The environmental data (i.e., both habitat and site characteristics and measurements) used in analyses consisted of eight variables: sampling time of day, continuous wind speed (m s−1), the estimated size of SAV patch sampled (index of 0–5, as described above), the estimated distance of the center of each habitat sampled to the shoreline (m), the habitat type (P. illinoensis n = 8, V. americana n = 8, mix n = 3, or bare n = 10), the presence (n = 11) or absence (n = 18) of H. verticillata, water temperature (°C), and water depth (m). Salinity (ppt) and secchi depth (m) were consistent across all sites (0.16–0.18 ppt and 0.30–0.55 m respectively) and dissolved oxygen (mg L−1) was highly dependent on time of day, so they were excluded from the analysis (Supplementary Table 2). The non-categorical environmental data were log-transformed, and all of the environmental data were scaled. Fyke net fish community abundance and biomass data were Hellinger-transformed (Legendre and Gallagher, 2001). Two samples had zero fish caught and so were excluded from the fish community analyses.

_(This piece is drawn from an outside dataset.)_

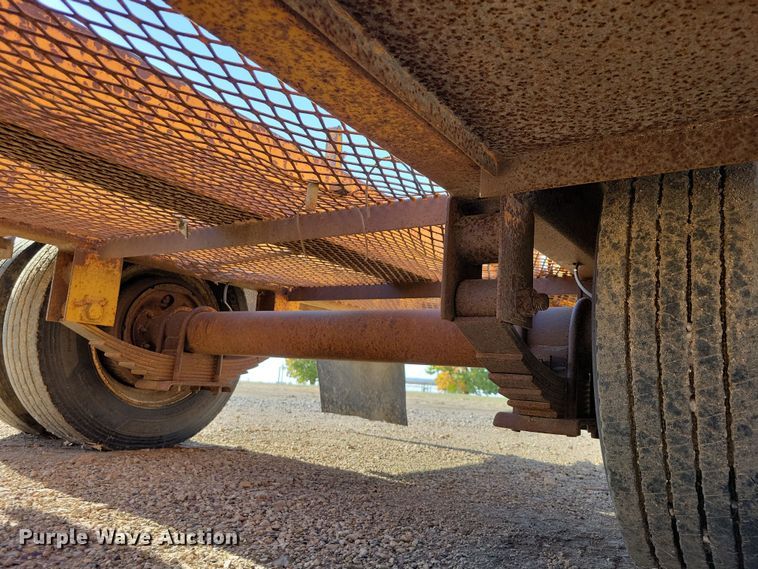 image for item DN3595 2004 Rice Trailer Co. pole trailer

A detrended correspondence analysis of the fyke net fish community data demonstrated that a canonical correspondence analysis (CCA) was the appropriate constrained ordination analysis for the data. We ran the CCA on all 12 species and all eight variables. To reduce the number of environmental variables to that appropriate for a CCA, we conducted forward selection with a relaxed α of 0.1 to capture marginally statistically significant results. For the fish community abundance data, the only variable selected was patch size. The result was the same when habitat type was excluded as a variable because of the multicollinearity with patch size (>0.7 correlation value). When patch size was excluded, habitat type was selected. Because patch size was selected when both habitat type and patch size were included, the patch size variable is the focus of our results.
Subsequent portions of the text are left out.